Hello,
first of all thank you very much for Git-annex: I think it is a great tool to keep files in sync. The feature I like most is the possibility of setting multiple remote servers and execute syncs in a decentralized fashion; this is great for me since I have multiple computers spreaded around but not all of them are always up and almost none is "99.99% guaranteed" and I need high availability.
Getting to the poing: I set up git-annex manually on my computers (most remote are only accessible via ssh tunnels) and I am using it in direct mode, with the assistant running in background on every node. From time to time I open the webapp to check if everything looks fine. Finally, I set a couple of nodes (with plenty of storage) as 'full backup' even if I don't really understand what that setting is really for.
My question is: in my setup, where do deleted files and older versions go? If I ever need one in the future where should I look for it?
Thanks a million!
Have a look at the standard groups page. Backup Repositories want to get hold of anything.
So if you have the assistant running it will take care of pushing the old versions in the backup.
While Marco is right about backup repositories, note that the assistant can only move the content of deleted/old versions of files to a backup repository if that repository is set up as a remote of the repository where the assistant is running.
So, it's quite possible to have some backup repositories that are not well enough connected for deleted/old files to reach them. The deleted/old files will then be kept in whatever repositories happen to contain them.
Where are the deleted files stored? Underneath .git/annex/objects/
Also, the webapp has a configuration page to control what to do with unused files, and can be configured to delete them periodically if you'd prefer.
I'm sorry if I have overlooked something obvious, but after playing with a "simple" setup (2 desktops and 1 laptop all syncing their ~/annex directory with the assistant/webapp with direct ssh access and XMPP, including one "full backup" repository on an ssh server accessible by all) and moving a few directories in and out of ~/annex to verify that it syncs between the clients, the deleted files seem to be present only in the backup repository - simply judging by the size of the repositories on the different machines. However, how can I get them back after deleting them and letting that sync out by the assistant? On the clients, git annex list/log will only print the files still there, not the deleted ones. On the backup repository (which seems to be a bare repository), git annex list/log is mostly empty. The backup repository was automatically created by the webapp on the first client I set up, I only created the (empty) directory and assigned appropriate user ACLs on the ssh server. I have not manually created a (non-bare) git repository there.

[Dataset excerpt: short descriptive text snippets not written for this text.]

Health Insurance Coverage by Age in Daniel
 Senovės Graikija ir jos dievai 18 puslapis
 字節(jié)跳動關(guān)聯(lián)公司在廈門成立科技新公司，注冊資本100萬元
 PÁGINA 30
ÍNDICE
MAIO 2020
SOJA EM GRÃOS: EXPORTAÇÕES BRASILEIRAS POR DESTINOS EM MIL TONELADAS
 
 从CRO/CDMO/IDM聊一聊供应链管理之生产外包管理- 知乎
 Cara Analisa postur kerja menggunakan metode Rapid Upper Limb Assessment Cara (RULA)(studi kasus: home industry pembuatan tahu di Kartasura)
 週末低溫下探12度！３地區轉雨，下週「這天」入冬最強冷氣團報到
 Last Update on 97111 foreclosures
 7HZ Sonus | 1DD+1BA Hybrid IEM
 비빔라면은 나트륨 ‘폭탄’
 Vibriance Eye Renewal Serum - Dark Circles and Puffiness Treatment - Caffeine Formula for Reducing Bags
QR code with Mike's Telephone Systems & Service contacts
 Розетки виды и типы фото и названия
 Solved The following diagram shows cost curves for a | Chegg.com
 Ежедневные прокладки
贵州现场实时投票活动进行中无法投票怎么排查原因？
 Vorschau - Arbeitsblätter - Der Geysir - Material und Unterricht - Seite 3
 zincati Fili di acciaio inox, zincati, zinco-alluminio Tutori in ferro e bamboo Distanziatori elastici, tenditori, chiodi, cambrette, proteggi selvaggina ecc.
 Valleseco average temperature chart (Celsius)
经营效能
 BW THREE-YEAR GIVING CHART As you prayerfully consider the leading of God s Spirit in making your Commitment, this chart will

Is this a supported/sane configuration for using assistant/webapp? The idea is to have the ~/annex directories behave like Dropbox (simplified point of view), but still be able to get to deleted or old versions of files. I am aware that there is no UI support for this yet, but I understood this to be supported by the "full backup" repositories.
Dear r,
I did lots of testing about recovering deleted files or previous versions with git-annex but I didn't have much success. I really found it difficult to recover files from git-annex, too time consuming. At the end I found a chep and dirty solution. I write it here in case it may be useful to you or to somone else. I now run a daily backup of my git-annex repo with Bup (http://bup.github.io/) on a couple of my computers, so I can easily restore to a previous state if needed. Bup implements data deduplication so you can have daily backups without consuming too much space. Bup is extremely easy to use too, you can mount backups as fuse filesystems or view them via a web browser. The only problem with this approach is that if you change a file multiple times during a day you won't be able to recover those changes.
All you need is a clone of the repository that is not using direct mode. (The assistant normally sets up repositories using direct mode.) So either stop the assistant and run "git annex direct" inside ~/annex, or
git clone
the backup repository to a temporary location.In that clone, you can use regular git commands to check out past versions of the tree. Inside such a checkout, you can use
git annex get
to get any of the files in that checkout from your backup repository or wherever the content of the file has been stored.For example, using the git-annex repository that I use to publish builds of git-annex:
Your backup repository can be used the same way.
Deleted and old versions of files will be retained in it, as long as the assistant was able to send them to the backup repo in the first place before they got deleted or modified. When direct mode is used, if you change a file before it gets copied to the backup, its old contents are gone for good. To avoid that and make sure that all annexed files always get backed up, switch your ~/annex to use indirect mode.
Hello joey,
but that doesn't use any kind of data deduplication, am I correct? In my particular use case the indirect backup repo could grow huge so I may be better of avoiding that.
git-annex automatically deduplicates files. The backup repo will store one copy of each version of each file, which may indeed get large depending on what you're doing.
That's right, bup can store multiple versions of a file as efficiently as git itself can (or maybe a little more).
You can use bup as a special remote of git-annex, and then your backup repository would be a bup repository. Restoring old versions of files from it would work the same way I described above.